**EXERCISE OBJECTIVE:**
Type the listing below out again exactly. No images.

**SUPPLIED MATERIAL:**
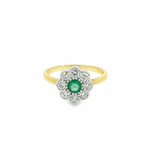 9ct yellow and white gold emerald and diamond ring featuring a round emerald surrounded by eight diamonds in a classic posy-style floral cluster design.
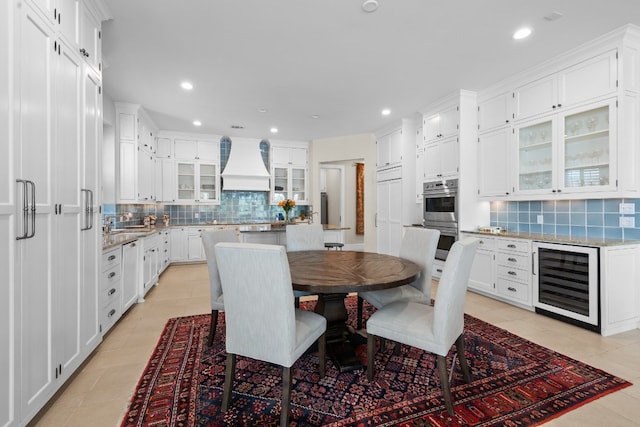 dining space featuring wine cooler, recessed lighting, and light tile patterned flooring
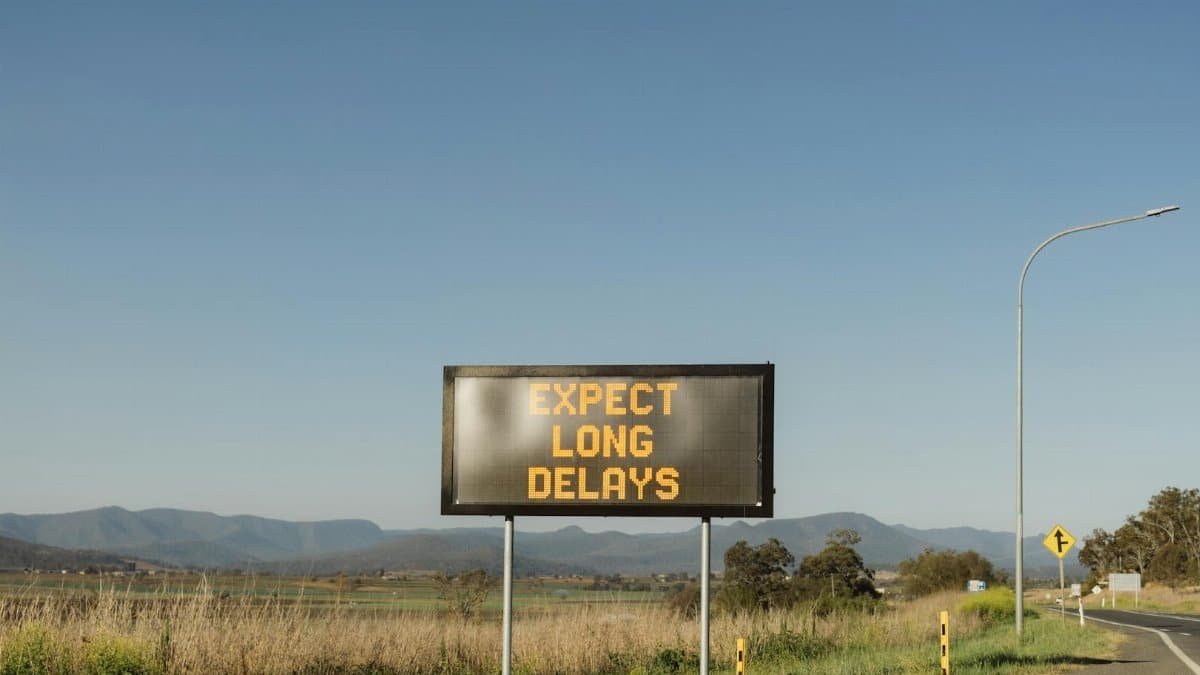 Traffic sign in Gladfield, QLD, advising of long delays ahead on a rural road.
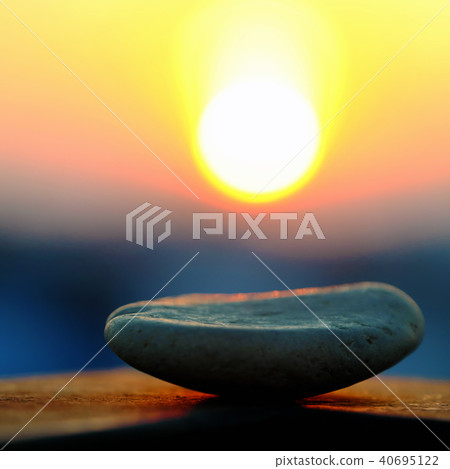 stack of pebble on yellow sun background stack of pebble on yellow sun background 40695122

**EXERCISE SOLUTION:**
 9ct yellow and white gold emerald and diamond ring featuring a round emerald surrounded by eight diamonds in a classic posy-style floral cluster design.
 dining space featuring wine cooler, recessed lighting, and light tile patterned flooring
 Traffic sign in Gladfield, QLD, advising of long delays ahead on a rural road.
 stack of pebble on yellow sun background stack of pebble on yellow sun background 40695122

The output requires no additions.